#### What you will do:
From top to bottom, retype the data exactly, passing over any picture.

#### Items listed in a dataset:
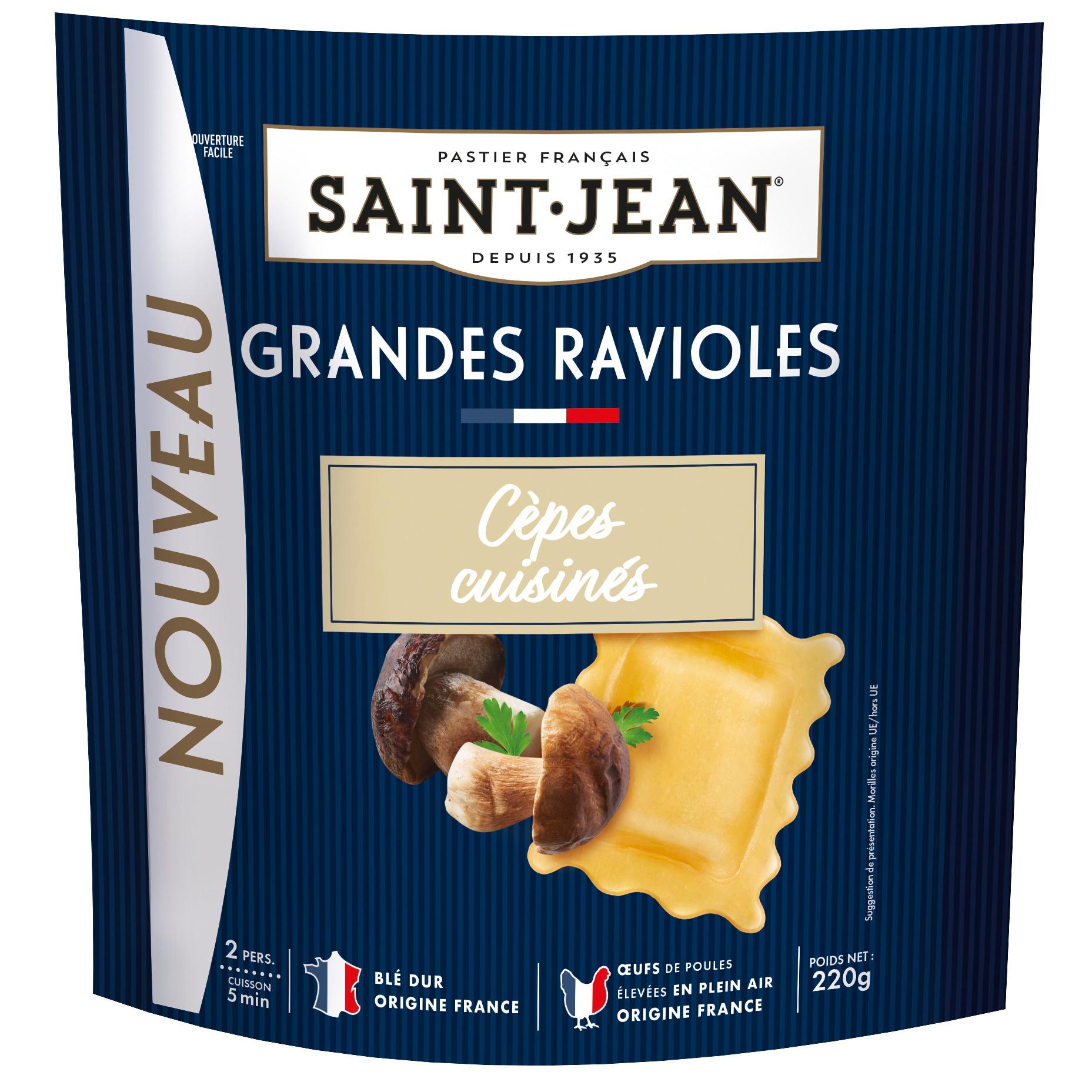 SAINT JEAN Grandes ravioles cèpes cuisinés 2 parts 220g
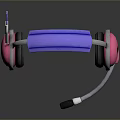 Pink And Purple Computer Gaming Headset With Microphone And Padded Ear Cups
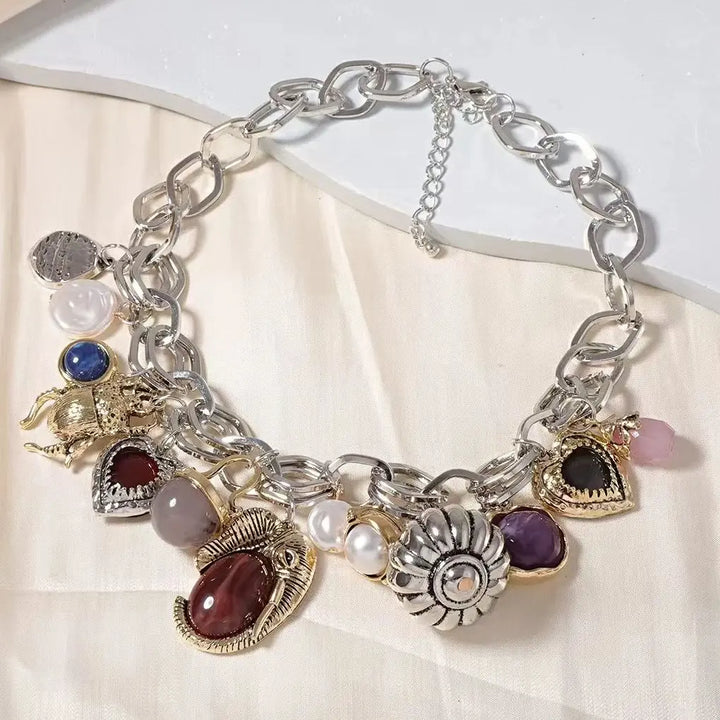 Women's Necklaces - Retro Shell Heart Stone Pendant Choker Gold Silver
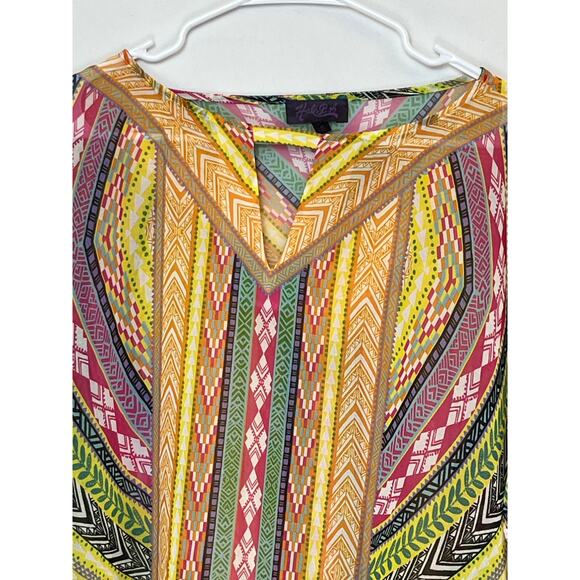 Hale Bob Women's S Multicolor Sheer Pullover Blouse Boho Hippy Chic Top Resort - Picture 9 of 9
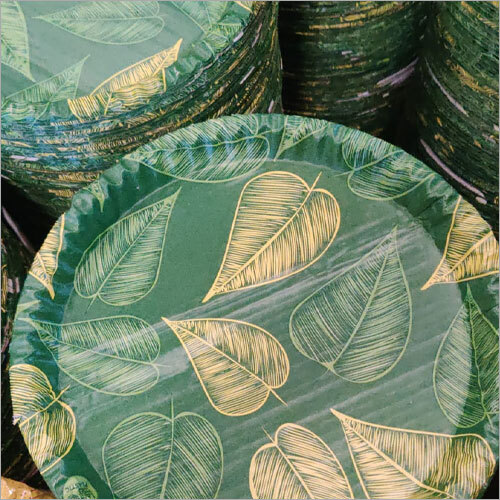 Printed Biodegradable Paper Plate - Customized Sizes, Green Color | Lightweight, Durable Design For Parties, Gatherings & Everyday Use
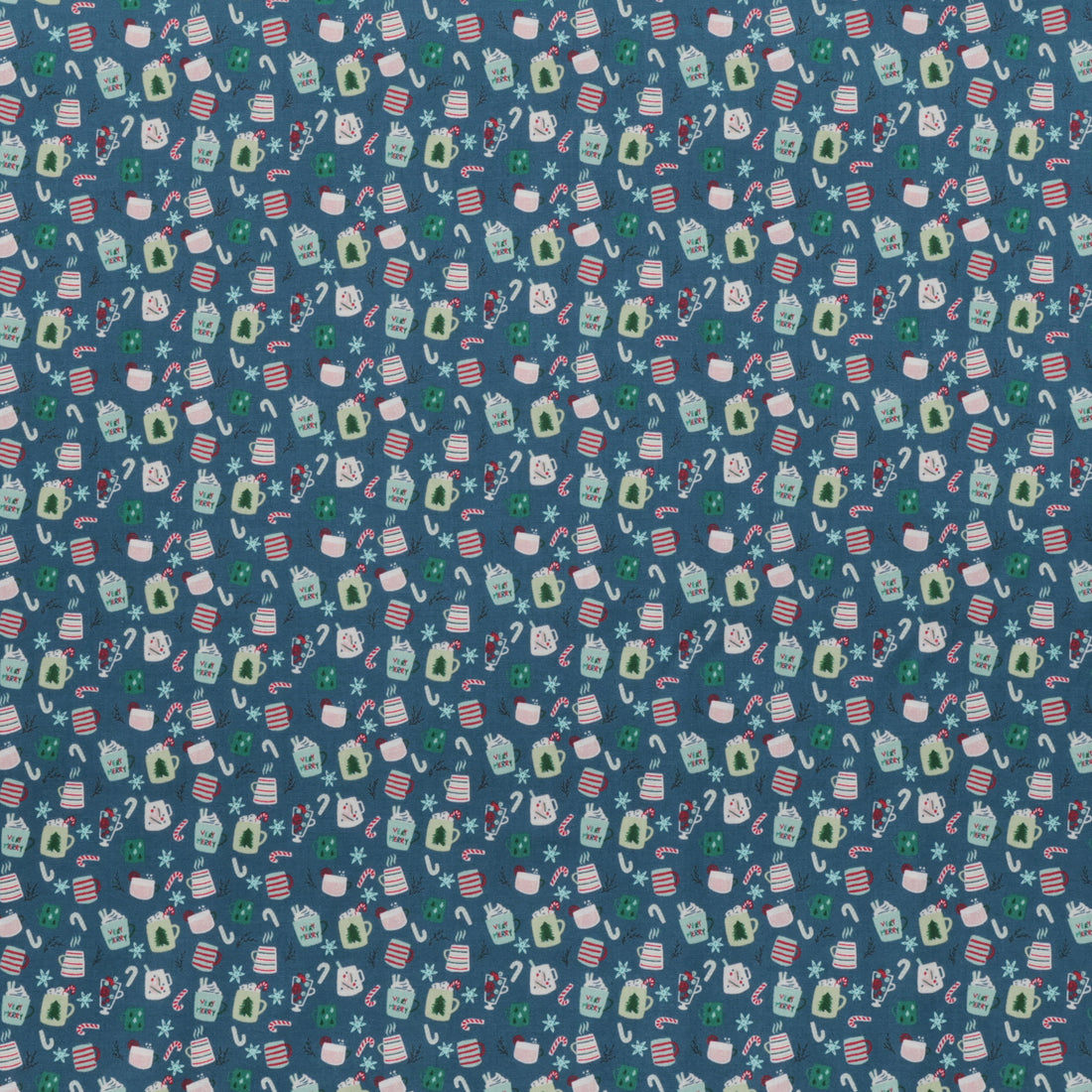 RJR Fabrics - Cotton -  Snow Day Fun - Warm Mugs - Navy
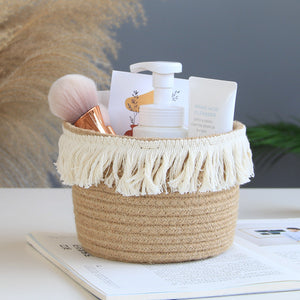 Eco-Friendly Jute Storage Basket for Cosmetics & Home Decor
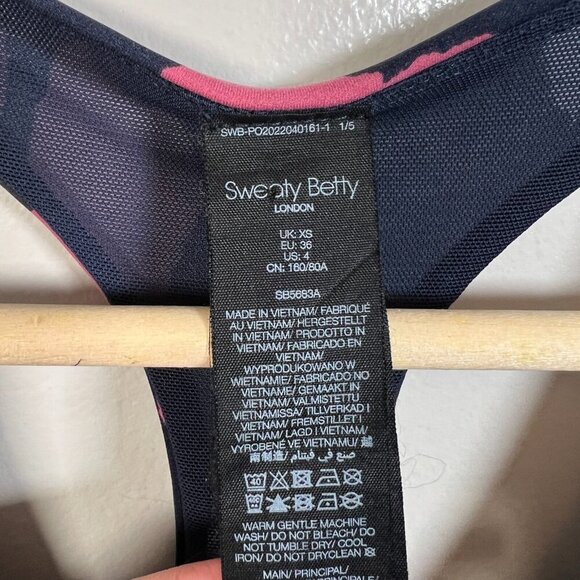 Sweaty Betty Power Workout Dress Size 4 Blue Pink Floral Tennis Golf Travel - Picture 3 of 10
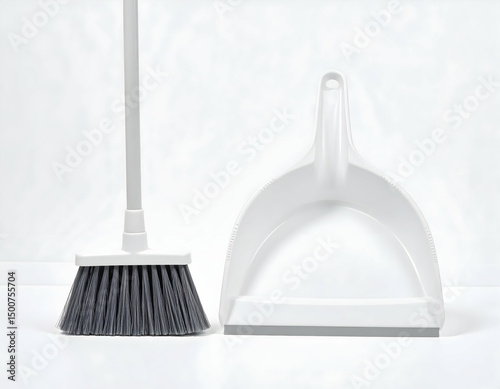 A clean and minimalistic image featuring a broom and dustpan, symbolizing tidiness and organization in a bright setting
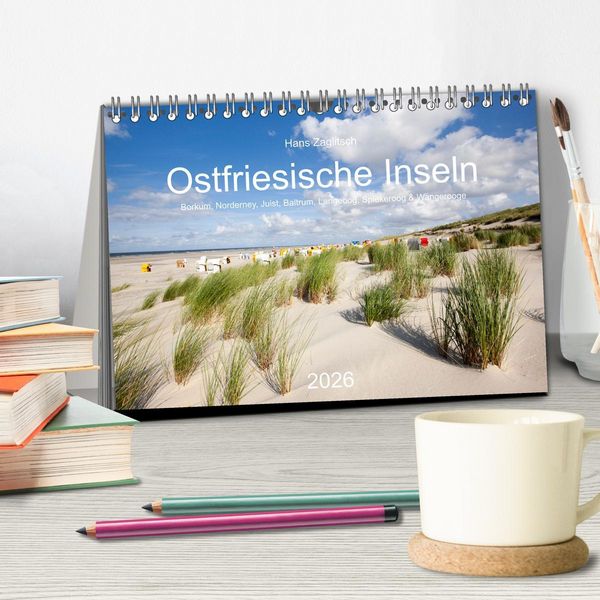 Produktbild: Ostfriesische Inseln - Borkum, Norderney, Juist, Baltrum, Langeoog, Spiekeroog, Wangerooge (Tischkalender 2026 DIN A5 quer), CALVENDO Monatskalender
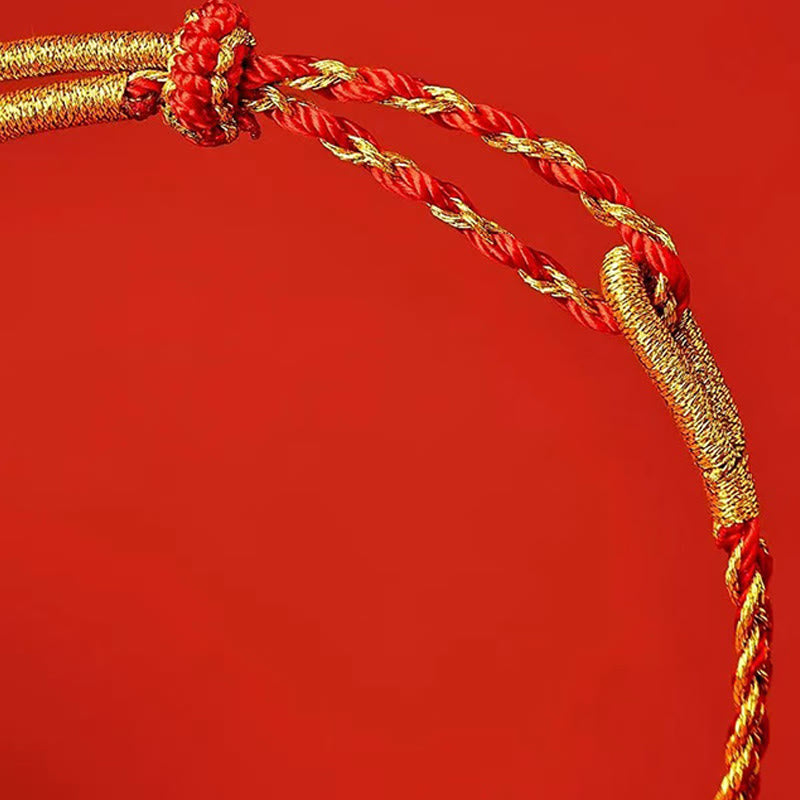 Bracelet porte-bonheur en fil rouge et fil jaune Buddha Stones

#### Exercise answer:
 SAINT JEAN Grandes ravioles cèpes cuisinés 2 parts 220g
 Pink And Purple Computer Gaming Headset With Microphone And Padded Ear Cups
 Women's Necklaces - Retro Shell Heart Stone Pendant Choker Gold Silver
 Hale Bob Women's S Multicolor Sheer Pullover Blouse Boho Hippy Chic Top Resort - Picture 9 of 9
 Printed Biodegradable Paper Plate - Customized Sizes, Green Color | Lightweight, Durable Design For Parties, Gatherings & Everyday Use
 RJR Fabrics - Cotton -  Snow Day Fun - Warm Mugs - Navy
 Eco-Friendly Jute Storage Basket for Cosmetics & Home Decor
 Sweaty Betty Power Workout Dress Size 4 Blue Pink Floral Tennis Golf Travel - Picture 3 of 10
 A clean and minimalistic image featuring a broom and dustpan, symbolizing tidiness and organization in a bright setting
 Produktbild: Ostfriesische Inseln - Borkum, Norderney, Juist, Baltrum, Langeoog, Spiekeroog, Wangerooge (Tischkalender 2026 DIN A5 quer), CALVENDO Monatskalender
 Bracelet porte-bonheur en fil rouge et fil jaune Buddha Stones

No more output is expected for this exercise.